> Problem requirements
Pictures are to be excluded. Please print only the lines from the one containing "Casa Indipendente in" through the end of the data, exactly as they appear.

> Supplied material
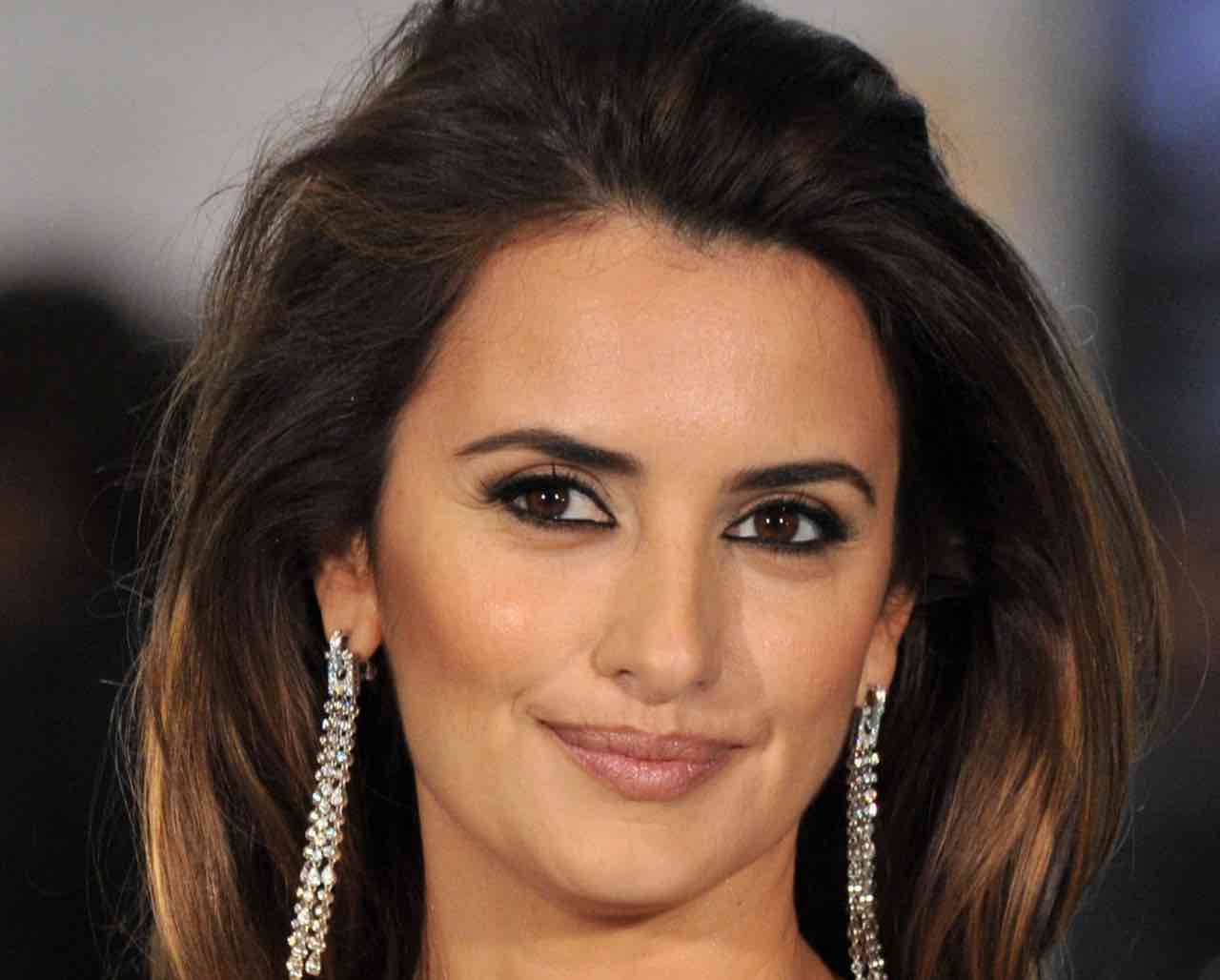 Penelope Cruz Versace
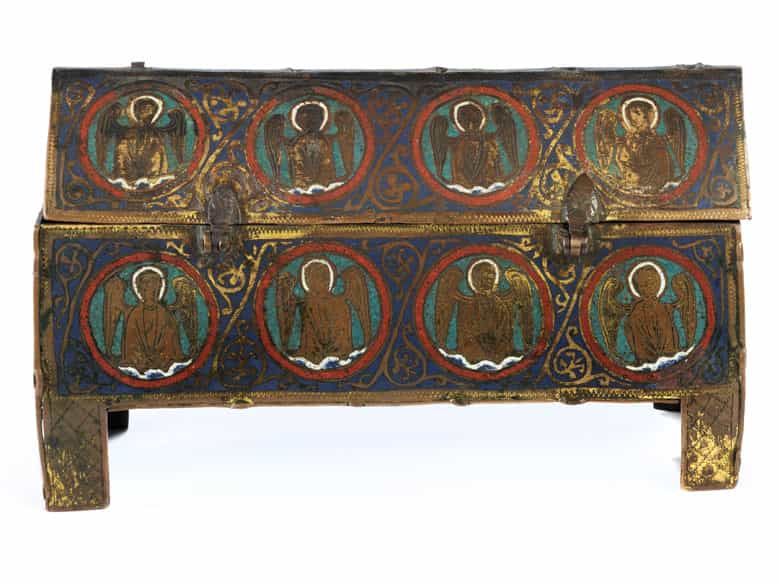 Detailabbildung: Museales Limoges-Reliquienkästchen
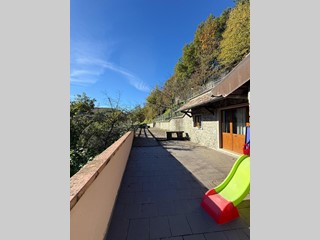 Casa Indipendente in Affitto a Comano, 750€, 159 m², arredato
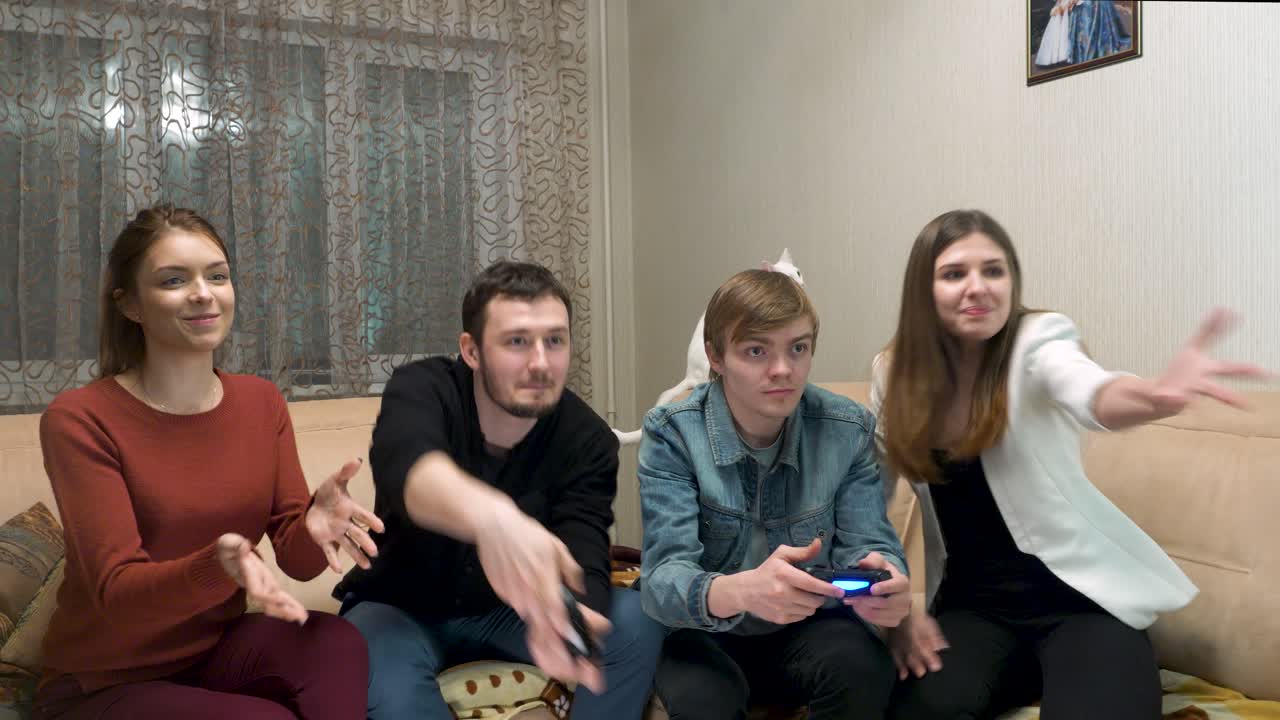 친구 들 이 비디오 게임 을 하고 있다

> Finished exercise
 Casa Indipendente in Affitto a Comano, 750€, 159 m², arredato
 친구 들 이 비디오 게임 을 하고 있다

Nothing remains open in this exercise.